**The data**
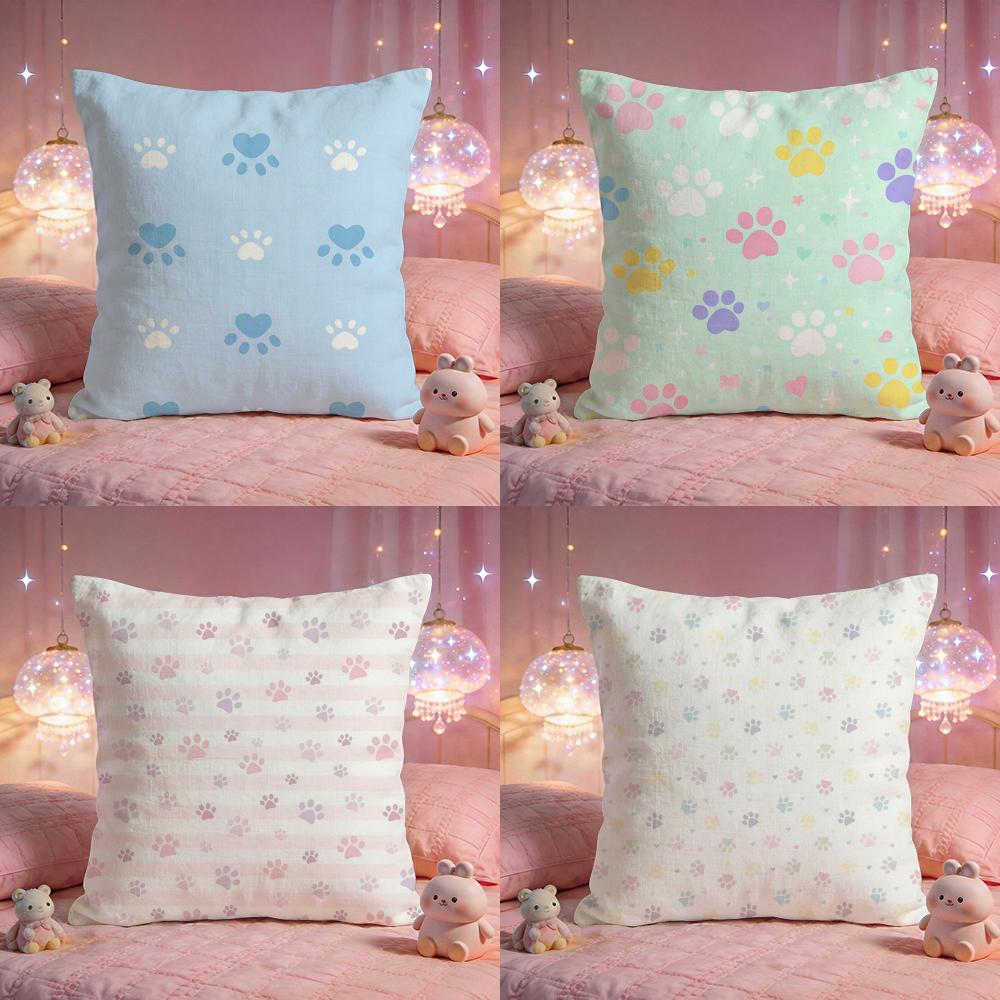 Pastel Puppy Paw Print Cushion Cover Premium Comfort Reversible Pillow Cove Two In One Design for Any Room Car Interior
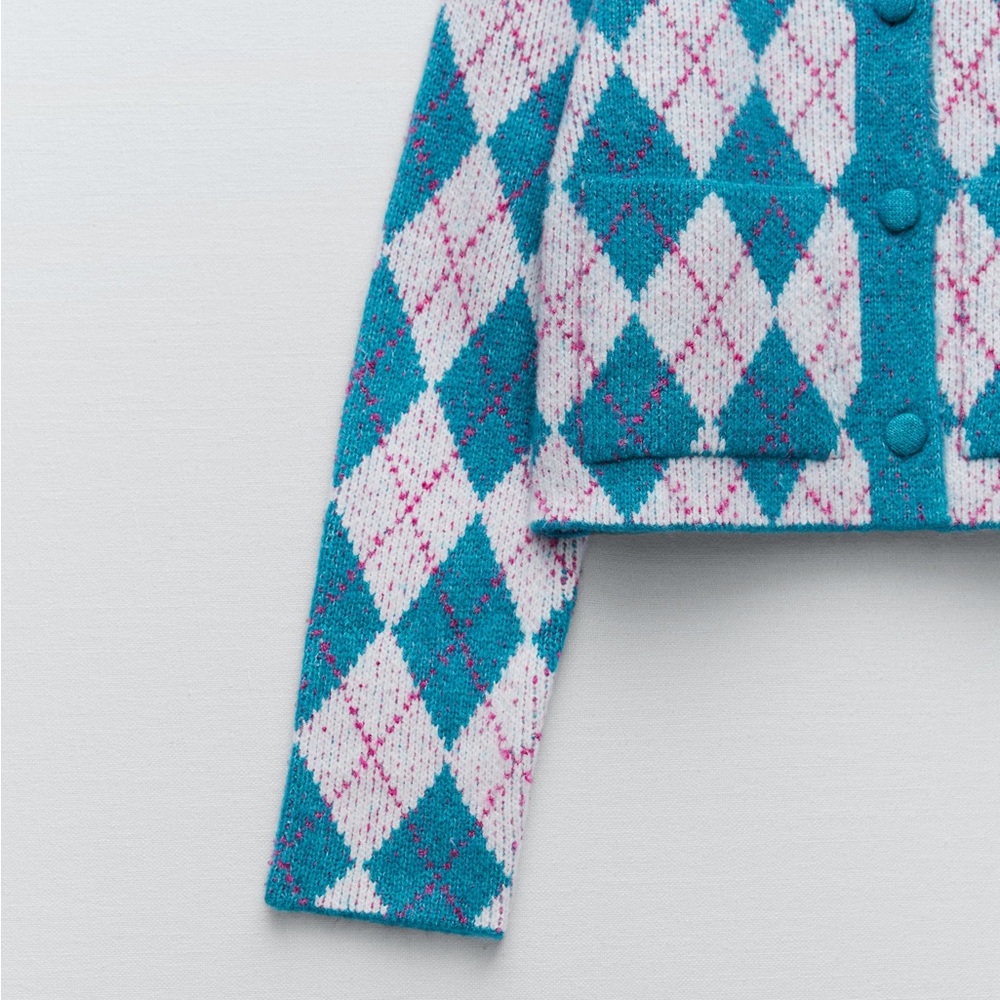 Zara Argyle Knit Jacquard Cardigan M - Picture 6 of 6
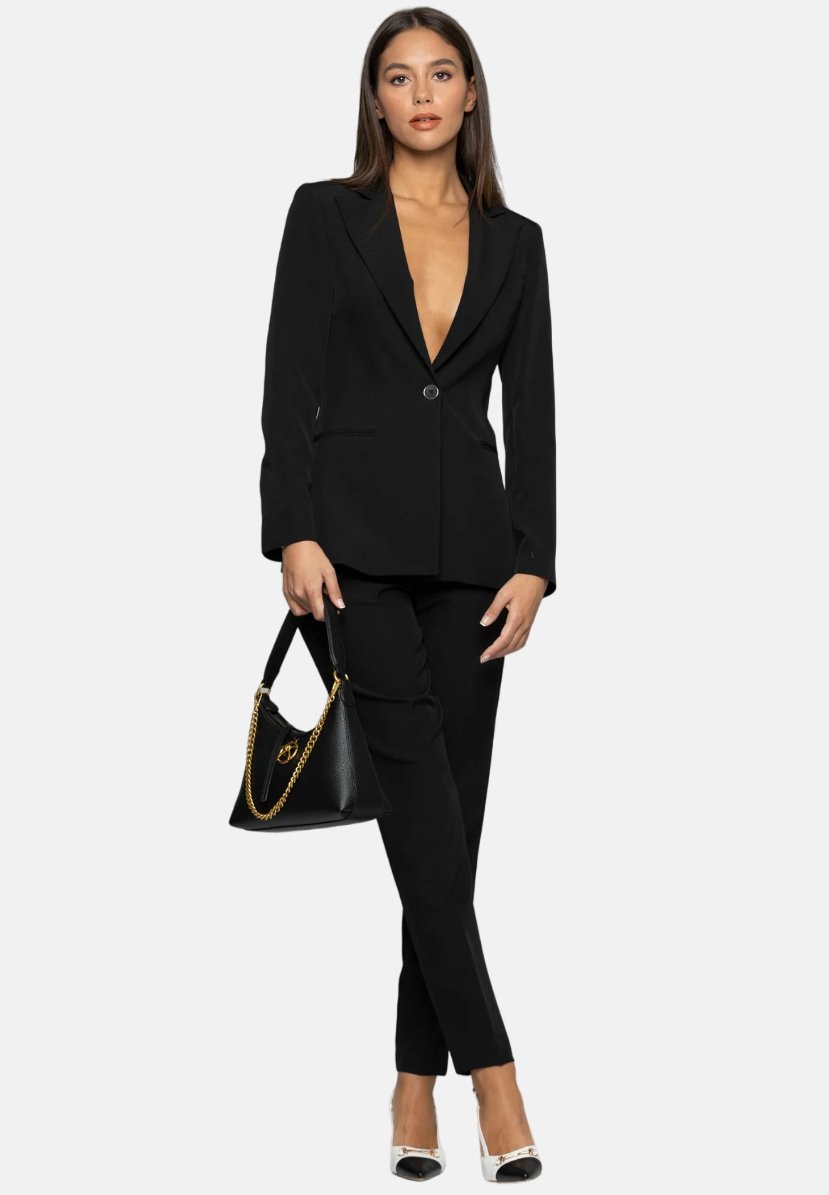 Tailleur Pantalone Nero Blazer Con Pantalone Giacca Doppiopetto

**Try it**
Please give all of the data again, exact and free of pictures.

**Answer space**
 Pastel Puppy Paw Print Cushion Cover Premium Comfort Reversible Pillow Cove Two In One Design for Any Room Car Interior
 Zara Argyle Knit Jacquard Cardigan M - Picture 6 of 6
 Tailleur Pantalone Nero Blazer Con Pantalone Giacca Doppiopetto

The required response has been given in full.